By Summer Zhen
HONG KONG, Feb 5 (Reuters) - Chinese brokerages, including state-owned behemoth China International Capital Corp (CICC), have restricted the amount of cross-border swap transactions domestic investors can undertake, as authorities seek to defend the weak stock market, according to six sources familiar with the matter.
Since Monday, domestic CICC clients cannot add new positions via total return swaps, to make overseas investments, as the broker seeks to limit its derivatives book, said the sources. Three sources said at least three other major Chinese state brokerages have taken a similar approach.
A total return swap (TRS) is a financial derivative contract where one party agrees to pay or receive the total return of an underlying asset in exchange for a fixed or variable financing rate from the other party.
It has been a popular over the counter (OTC) cross-border derivative for Chinese onshore funds, especially hedge funds, to access offshore stock markets, effectively side-stepping restrictions on capital flows.

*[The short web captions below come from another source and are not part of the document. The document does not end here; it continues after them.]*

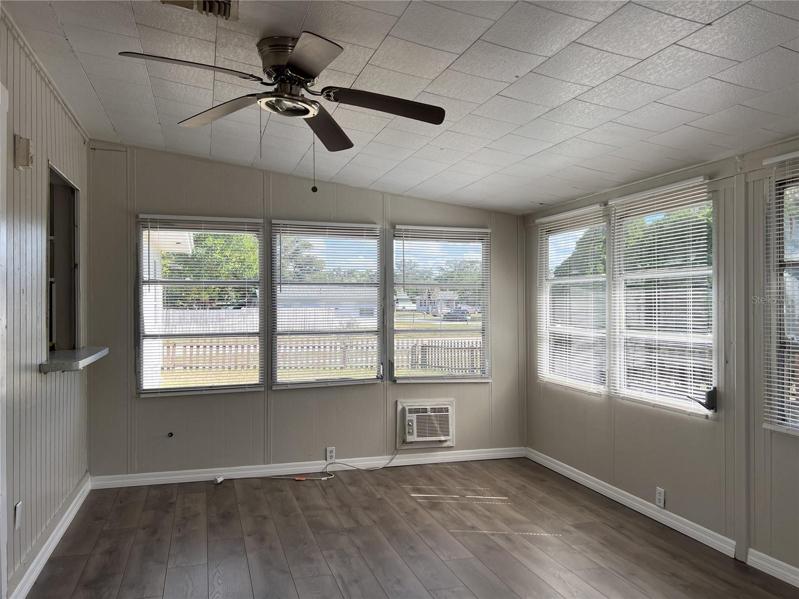 Bonus Room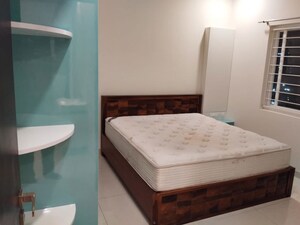 3 BHK Apartment For Rent in Aparna Zenon, Puppalaguda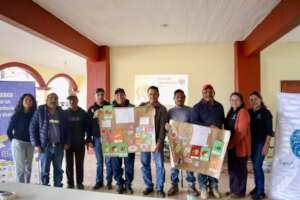 "Healthy Food Environments in Schools"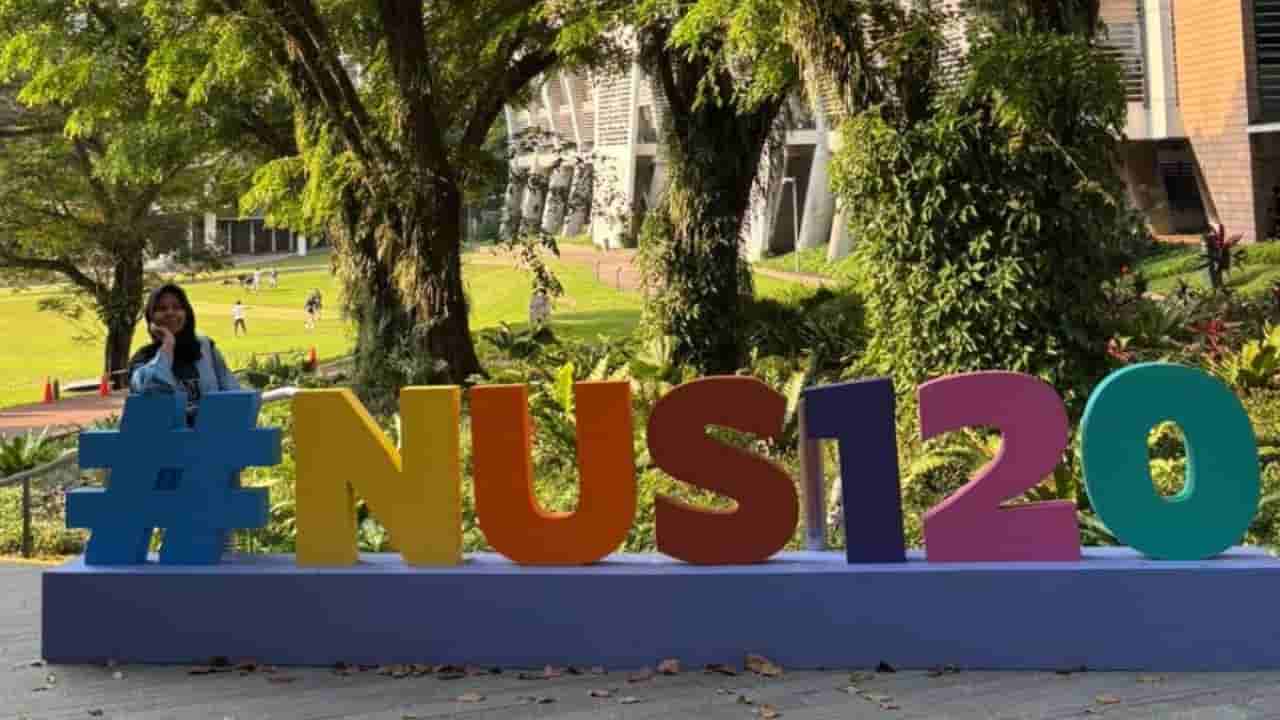 Indonesian student's crowdfunding plea for Singapore MBA sparks backlash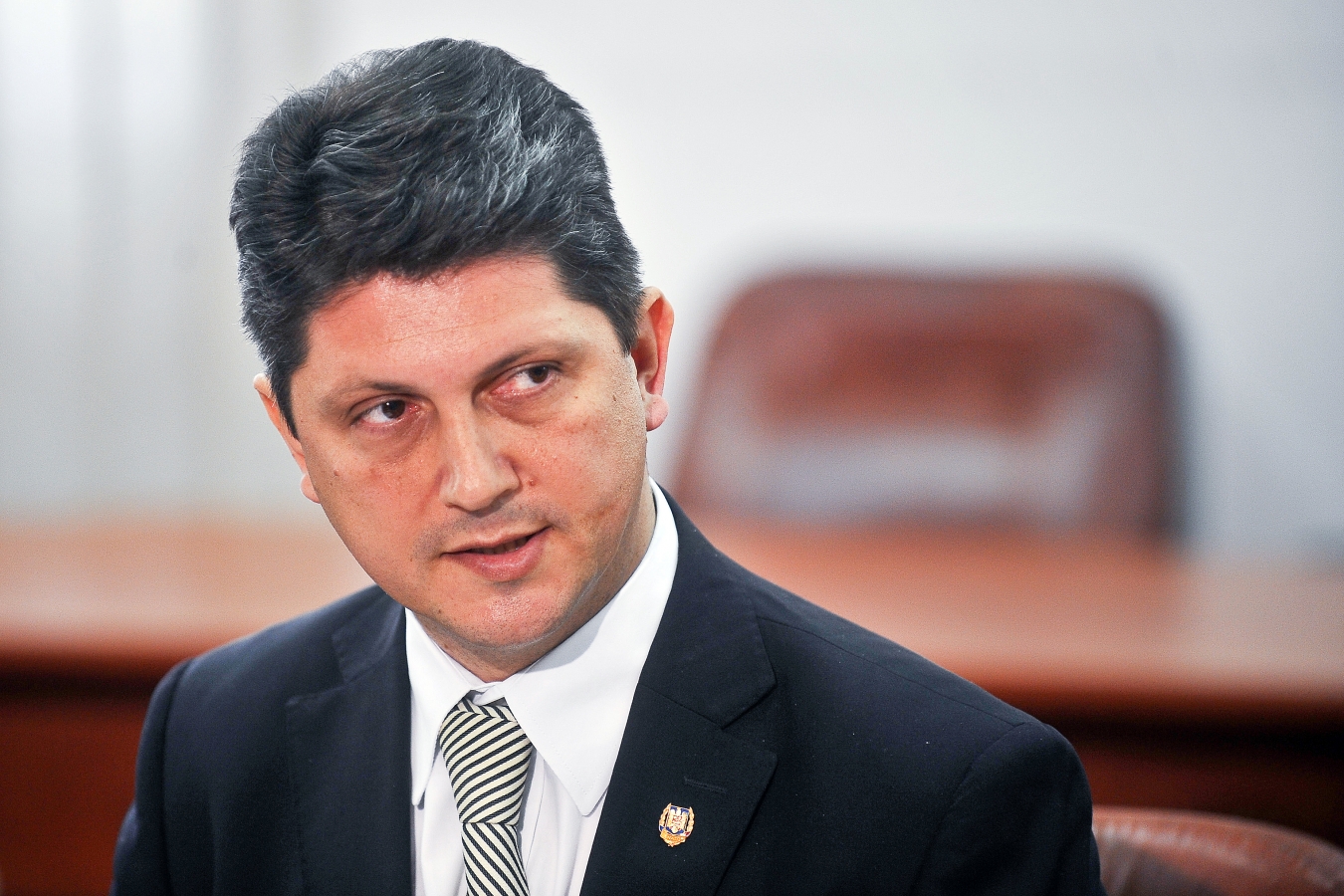 DNA cere sesizarea Parlamentului pentru începerea urmăririi penale față de Titus Corlățean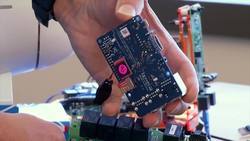 NSF programs spur innovation Instructional Video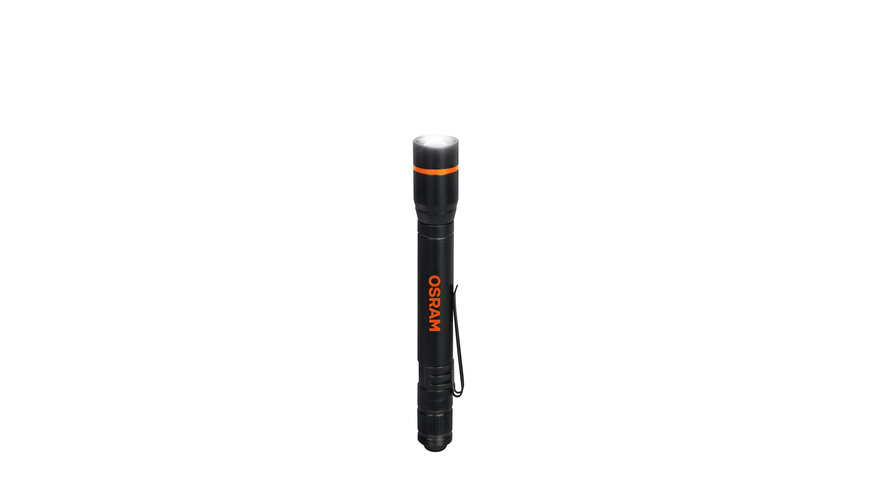 Osram Taschenlampe LEDinspect TORCH 250 ESSENTIAL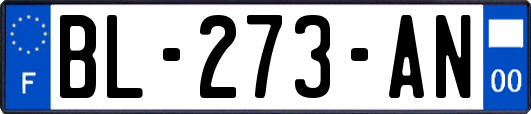 BL-273-AN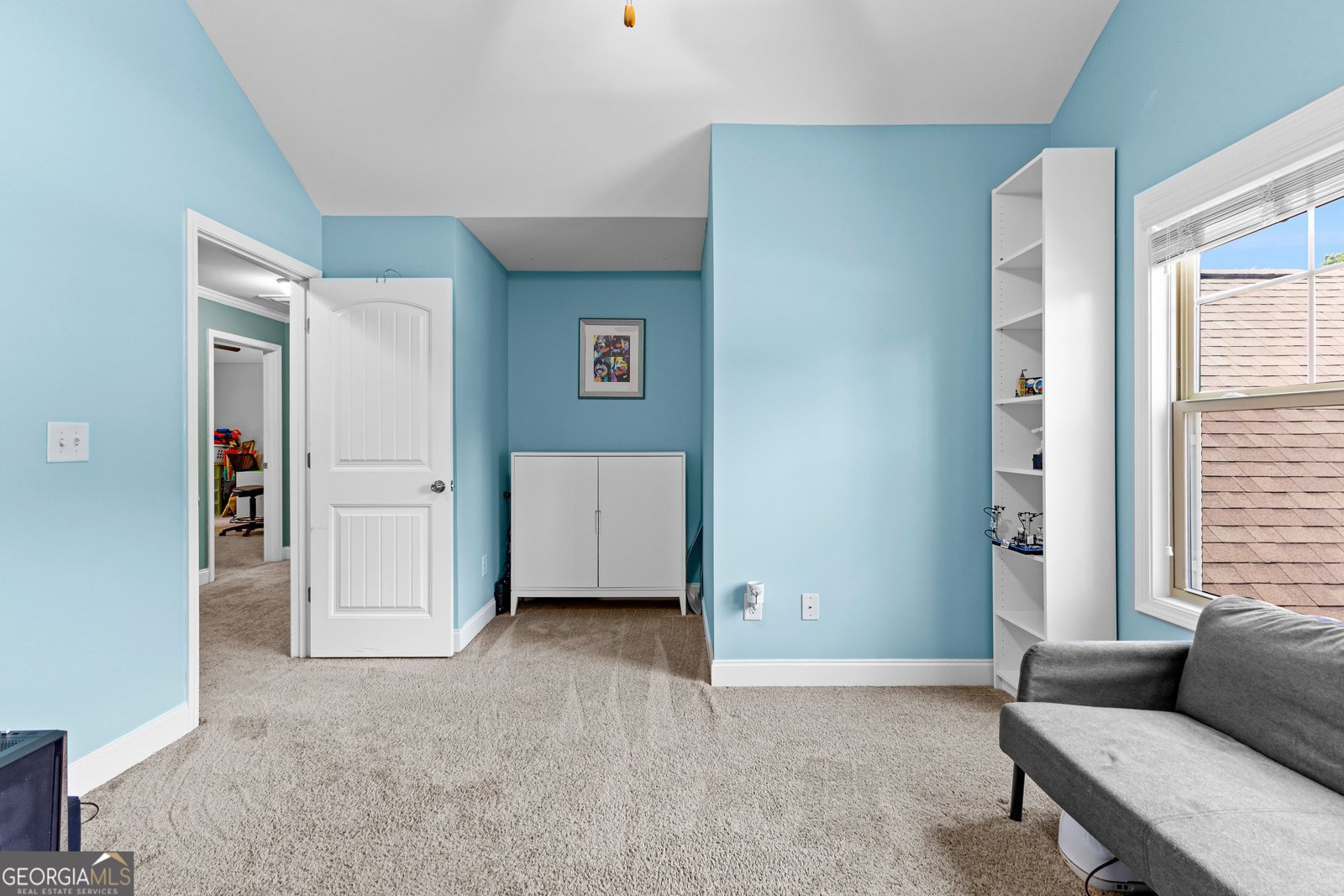105 Turnberry Trace Sharpsburg - 16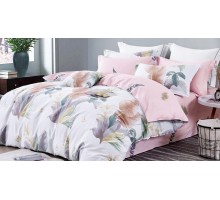 Постельное белье евростандарт Satin de Luxe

The restrictions could thwart domestic fund managers who were tapping TRS to short-sell offshore China stocks, such as China A50-related contracts, one source with direct knowledge of the curbs said. This will also allow brokers to limit overall exposure to derivatives, he said.
CICC is among 10 major brokerages in China licensed to provide TRS services, and is a top player.
CICC did not respond to Reuters' requests for comment.
The measures come as China's stock market faces renewed pressure and plumbs multi-year lows. The country's securities regulator has vowed to prevent abnormal market fluctuations and crack down on "ill-intended short selling".
China's blue-chip CSI300 Index .CSI300 tumbled nearly 5% last week to the lowest since early 2019, amid signs of panic selling and forced liquidation of leveraged trades.
The outstanding balance of cross-border OTC derivatives at Chinese brokerages, including TRS and OTC options, amounted to 825.4 billion yuan ($114.7 billion) by the end of November 2023, up 8.5% from October, according to official data published by Chinese newspaper Securities Times.
Shorting Chinese equities has been a crowded trade among global funds seeking to profit from the woes of the world's second-largest economy.
Chinese authorities have been ramping up efforts to stem the selloff in Chinese stocks, including suspension of lending of restricted shares for short selling and curbs on leveraged stock trades.
A brokerage source said the firm had been limiting the new volume of cross-border TRS business since late last year, when regulators told brokers to curtail leverage for derivatives.